Keine Heimat ohne Demokratie.
Ich hab’ ein Problem mit dieser „Heimat“. Ein großes. Eines, das mich schon seit über zwei Jahren so intensiv beschäftigt, dass ich ihm zwei Alben, unzählige Stunden meines Lebens, eine Forschungsarbeit, eine eher mittelmäßige Bachelorarbeit und nun schon wieder einen Artikel widme.
Diese „Heimat“ bestimmt einen ziemlich großen Teil meiner Identität, aber etwas in mir wehrt sich vehement dagegen. Ich will sie umkrempeln, mitgestalten, verhandeln, weiterentwickeln, durcheinanderbringen, zerreißen, demokratisieren – ich will eine „Heimat“ für alle!

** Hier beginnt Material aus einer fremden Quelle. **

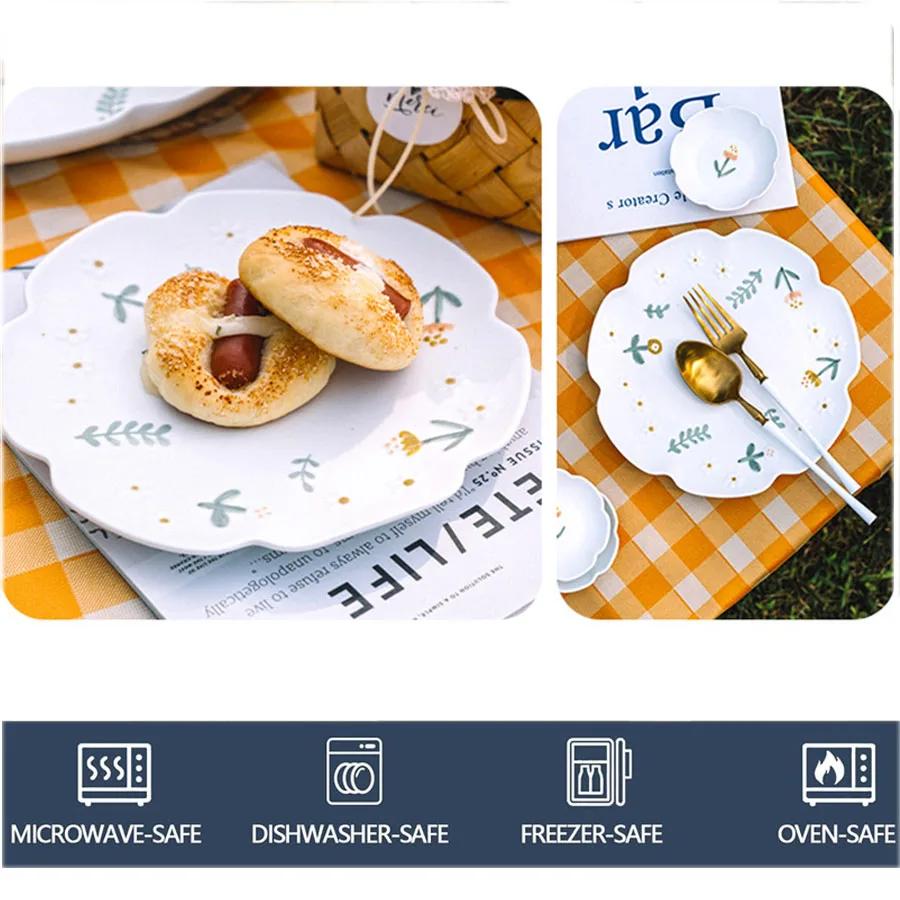 6/8,5-дюймовая керамическая обеденная тарелка с цветочным узором, матовая кухонная тарелка для пасты, хлеба, десерта, ресторанная посуда, сервировочное блюдо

Das ist ja wohl das Mindeste.
Über „Heimat“
Seit ich begonnen habe, an meinem ersten Album zu arbeiten, beschäftigt mich das Thema „Heimat“ intensiv. Der Begriff alleine ist schon ein Paradigma. Er kann für manche so viel bedeuten, für jede*n etwas Anderes, und für andere nicht einmal existieren. Der Volkskundler Konrad Köstlin erklärte in einem Symposium 1995, dass „Heimat“ erst gegen Ende des 19. Jahrhunderts als Idee verstanden wurde – eine Reaktion auf die Ängste vor Modernisierung und Industrialisierung. Heimatbewegungen stellten Sesshaftigkeit und Beständigkeit den Veränderungen der Moderne entgegen. Später wurden Tradition und Tracht gesetzlich gefördert, in die Staatsideologie integriert und im Nationalsozialismus wurde „Heimat“ endgültig politisch instrumentalisiert. Der Begriff scheint für Demokrat*innen kaum noch nutzbar zu sein.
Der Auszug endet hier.